In many respects 2013 was a year of stark contrasts in terms of foreign policy; public support for foreign interventions in many western countries has waned significantly, whilst the US has moved to realign its interests away from the traditional European and Middle Eastern theatres, in a pivot towards the Pacific. The coming year, 2014, will mark 65 years of the NATO alliance and proposes to be a year of retrenchment and rebalancing for many nations, with domestic populations more concerned about economics than foreign policy, and an environment in which NATO will find itself transitioning from a war fighting alliance to a peace time one. This thesis will attempt to look at the coming year, identifying the various and varying areas NATO is liable to be involved in; and the ways in which 2014 will bring and result in changes to the alliance. Inevitably due to the limited nature of this thesis not all areas which NATO is likely to be involved with in 2014 will be able to be covered, nor indeed every aspect of NATO or its member states. However by focusing specifically on a small number of key areas this thesis will aim to offer a reasonably robust analysis of the key events which are liable to shape NATO in 2014 and key areas in which 2014 will bring new changes to NATO. Specifically this thesis will look at: the drawdown in Afghanistan, the conflict in Syria, and the continuing threat of Russia; in each case analysing how each situation is liable to impact upon NATO; before concluding with an evaluation of NATO soft power approaches and how 2014 will shape the relationship between both the UK and NATO. For the most part sources do not include senior politicians and NATO officials, due to time constraints, however where possible, NATO sources and publications have been used to ensure relative consistency with NATO policy. In sum although this thesis addresses each specific area individually, as an overarching argument this thesis would argue that 2014 is likely see a dichotomy between domestic policies in NATO member states, driven by weakened economies, and public opinion, which wish to minimise military expenditure and foreign interventions; contrasted starkly against foreign crisis, events and incidents which may occur throughout the year and require NATO to play an important and often leading role.
Afghanistan has in many respects been NATO’s most successful effort to date, at present with 49 separate countries contributing over 87,000 troops. Yet it has also been a highly controversial war and it is liable to produce a similarly controversial legacy. In many ways it has similarly been an equally controversial mission for NATO, and has highlighted the difficulty in conducting long-duration multi-national operations. With the wide variety of contributing nations, also creating a wide variety of conceptions on how the mission should be prosecuted, and a wide variety of restrictions and national caveats on the quantity and conditions under troops were contributed.
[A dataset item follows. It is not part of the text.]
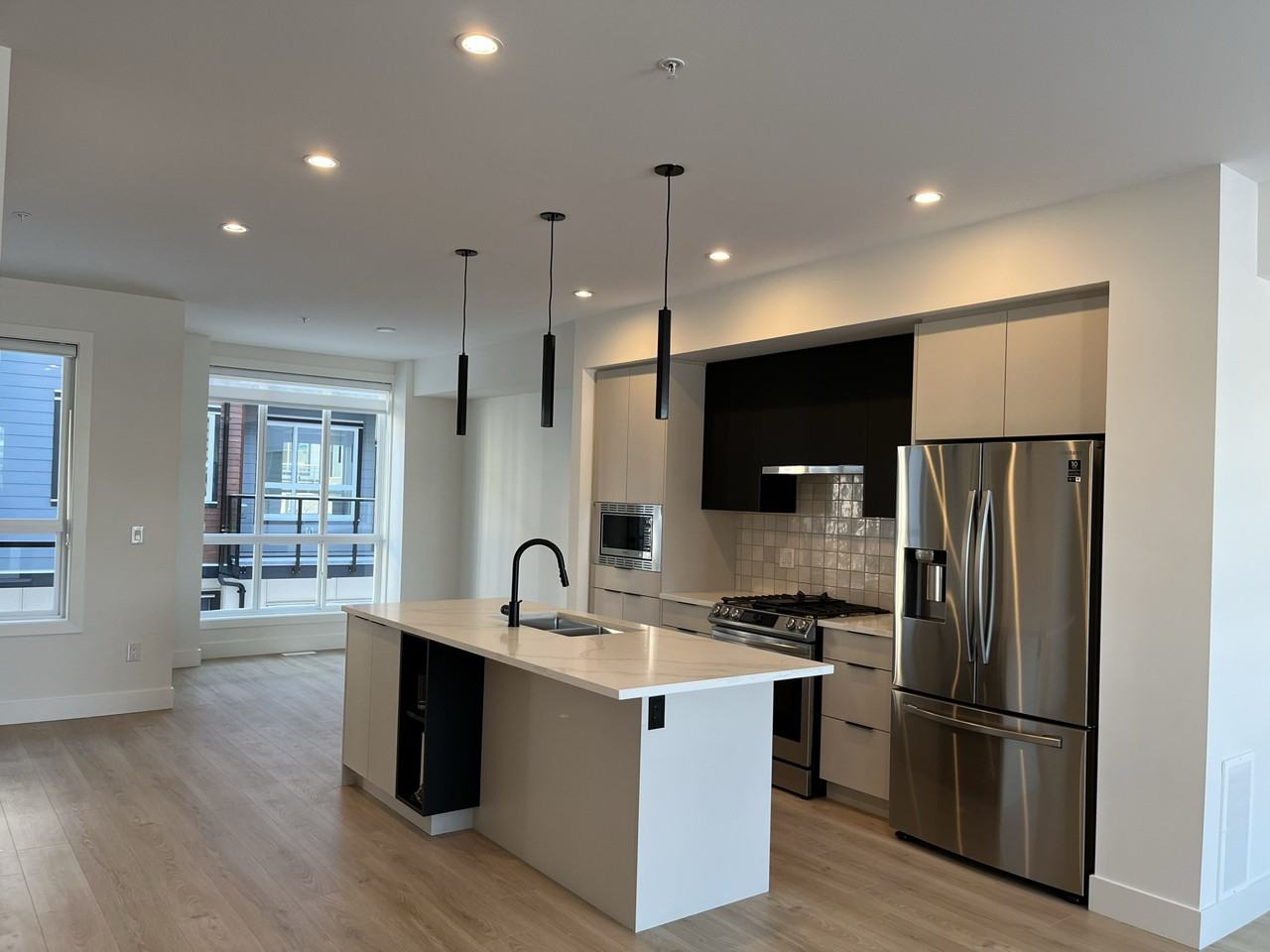 7670 207 Street - Photo 7 of 12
Perhaps the key point the NATO mission in Afghanistan has highlighted for the alliance is the inequality in burden sharing that often arises amongst contributory nations. And that whilst the US may have the capacity to act unilaterally, as the US led Operation Enduring Freedom against Taliban and Al-Qaeda insurgents showed, nevertheless an unwillingness of member states to make similar contributions can cause frictions within the alliance. Whilst the controversial nature of the Afghanistan conflict has also provided a counter-incentive to domestic politicians, with those European nations shouldering the highest burdens also often facing the largest public backlash from voters. This tension between domestic politics and foreign policies is nothing new; and indeed between foreign interests and European interests as both the US and NATO discovered during Vietnam. Yet what it does highlight is that in an alliance which is attempting to develop forces which are “Expeditionary, flexible and deployable” and in which all nations are expected to respond should one be attacked, the actual strength of the alliance, and indeed its willingness to project forces externally is likely, in the future, to be far more heavily dependent on the vagaries of public opinion. As to 2014 these inconsistencies are likely to continue, with continued confusion over whether the US and NATO will even be allowed to remain in country post 2014 contrasted with contributory-nations keen to withdraw their forces and politicians eager to capitalise on the domestic political benefits bringing the troops home is liable to have.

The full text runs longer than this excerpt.